Not sure whether you’re dating a grownup? Here’s a few surefire signs that the person you’re dating will never grow up.

  1. They’re still 100% reliant on their parents.

They live at home and have no plans to leave. Their parents cook for them, clean for them and do their laundry – all while being “technically” an adult. While there’s nothing wrong with being a bit of a Mama’s Boy/Girl, if your date is literally still relying on his or her parents to fulfill basic survival needs like food, shelter and hygiene, none of this is going to change any time soon – or ever.

  1. They’re unemployed and not looking for a job.

The economy is tumultuous. Unemployment happens. But, it’s how a person deals with the loss of a job that separates the grownups from the overgrown kids. If your date is spending their days sitting on the couch feeling sorry for themselves, with no game plan (who needs a job when Mom and Dad still feed you, right?) – that’s not a good sign. Real adults should want independence and to better themselves.

  1. They still party like they’re 21.

We all like to have a good time. But, there’s a difference between having a few drinks with friends every now and then, and living your life like every week is Greek Week in college. If your date is still stuck in the perpetual cycle of getting wasted every weekend with their buds and/or their partying is preventing them from leading an adult life – ie. keeping a job, friends and an apartment that doesn’t look like the set from a Seth Rogan movie circa the mid-2000’s – then, Houston we’ve got a problem.

  1. They don’t look after themselves and don’t care.

Forgoing health insurance, eating a diet of pizza pockets and brushing your teeth with beer might have been cute in your early 20’s, but, that kind of behavior gets old – fast. Real adults know how to look after themselves and do it with pride. If your date hasn’t mastered the art of caring for themselves, you can’t expect them to show you the love and respect you deserve.

  1. Every discussion turns into an argument.

With immaturity comes insecurity. When someone is insecure, they’ll pick fights to try and even the score. Adults are able to discuss issues and work through conflict. If every discussion turns into a major argument where your date resorts to name calling and other playground-like tactics – you’re not dealing with an adult.

  1. They aren’t planning for their future – at all.

None of us are perfect. We’re all trying to figure things out. But, as adults we should have an understanding of where we are in life and a general idea of where we want to go – and we’ll be taking the necessary steps to get there. On the contrary, a man-child or woman-child lives doesn’t think about their future at all, which is precisely why you shouldn’t include them in yours.

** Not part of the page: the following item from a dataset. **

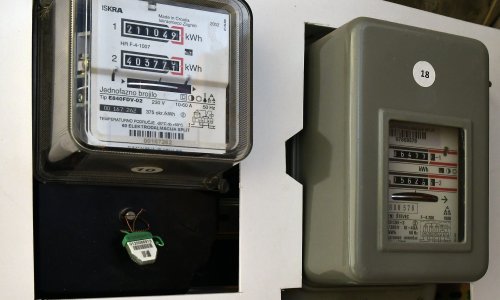 Vlada će kod računa za struju pomoći svakom kućanstvu, a ide se dodatno i sa socijalnim paketima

  1. Their spending habits are abysmal.

When it comes to spending money, real adults know how to differentiate between “needs” (rent, bills, paying down debt, putting money into savings) and “wants” (super cool splurge items.) If your date is up to his or her eyeballs in debt and is always on the verge of being evicted because they spent all of their money on things that can’t really afford, they haven’t mastered the art of adulting.

  1. They never plan or take initiative.

You basically keep their calendar;  reminding them of special events, appointments and your date nights (which, you plan of course.) A true adult should want to feel in control of their own life. They should also be excited to take initiative to do things to make the other person happy. If the person you’re dating can’t even plan a date night – sorry – they’re not mature enough for you.

  1. Doesn’t offer to help out.

Maybe it’s because Mom and Dad are still their caregivers or they’re stuck in  a permanent state of adolescence where everything is still all about them, but it seems like they never take care of anything, choosing instead to be taken care of. They’re not looking for a partner – they’re looking for a surrogate parent. Time to move on.